On Thu, Nov 7, 2019 at 8:25 PM Lawrence Crowell <
[email protected]> wrote:

On Thursday, November 7, 2019 at 6:34:24 PM UTC-6, Brent wrote:
>
> * >> Wouldn't a small piece of a neutron star quickly explode via beta
>> decay?*
>>
>
> >I worked this out using the old liquid drop model. A baseball sized
> neutron sphere would have a surface gravity of around 10^{14}m/s^2, as I
> recall, which is enough to drag weak decay positron products back.
>

If its made of neutronium, Neutron Star stuff, it would have to be bigger
than a baseball. We're looking for something about 10 times the mass of the
Earth or about 6 *10^25 kg, neutronium has a density of about 4*10^17 kg
per cubic meter, so you'd need 150,000,000 cubic meters of neutronium, that
would be a sphere with a radius of 350 meters, nearly half a mile across.
That's much bigger than a baseball but not large enough to keep it stable,
the gravity would be too weak to provide enough pressure to keep it stable.
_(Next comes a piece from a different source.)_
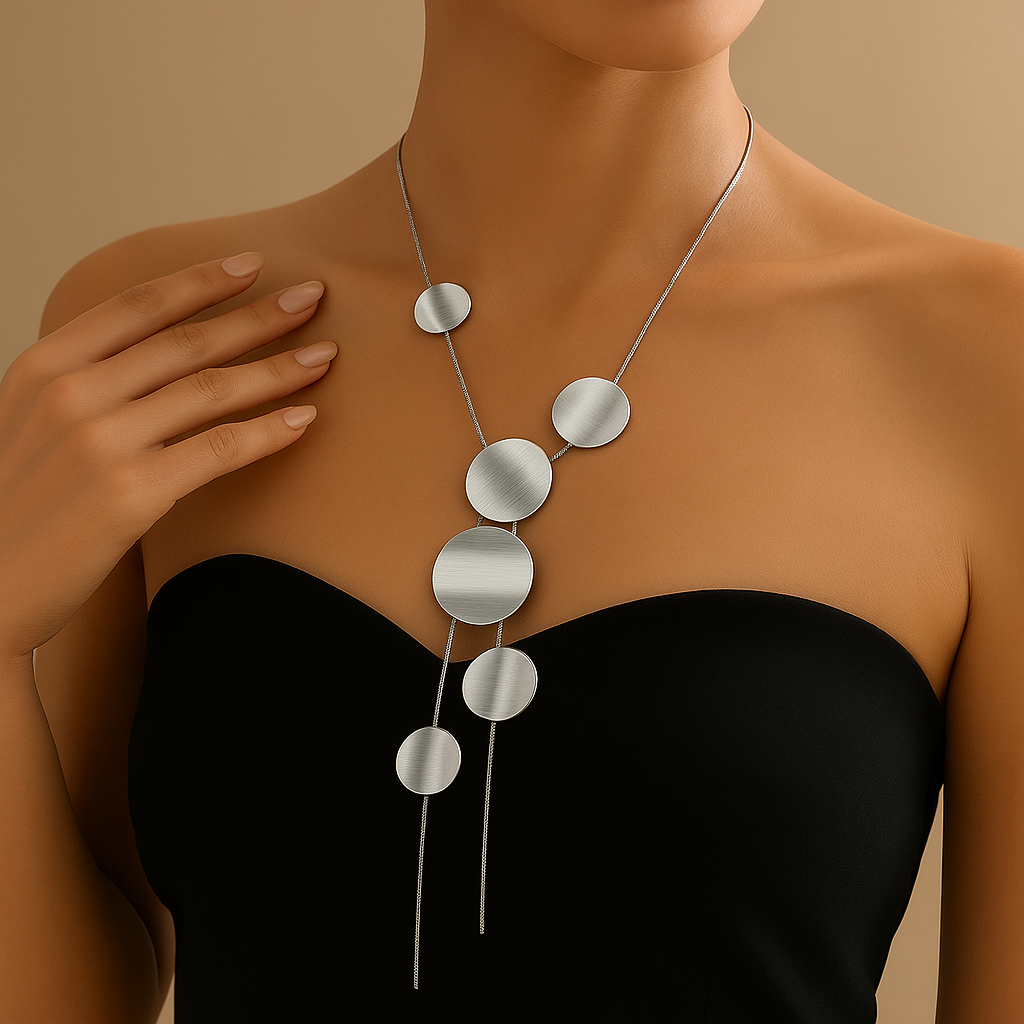 Orbit Disc Necklace – Bold Sculptural Multi-Strand Design 3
However planet 9 could be a "Stranglet", that is a body made of "Strange
Matter", a theorized form of matter made up of equal parts up, down and
strange quarks. If such a thing exists this hypothetical form of matter
would be even denser than neutronium and be stable even at zero pressure.
In fact it would be the most stable form of matter that there is, and that
means it would be just about the most dangerous thing there is. Strange
Matter, if it exists, would act as a catalyst and turn any ordinary matter
that comes into contact with it into more strange matter.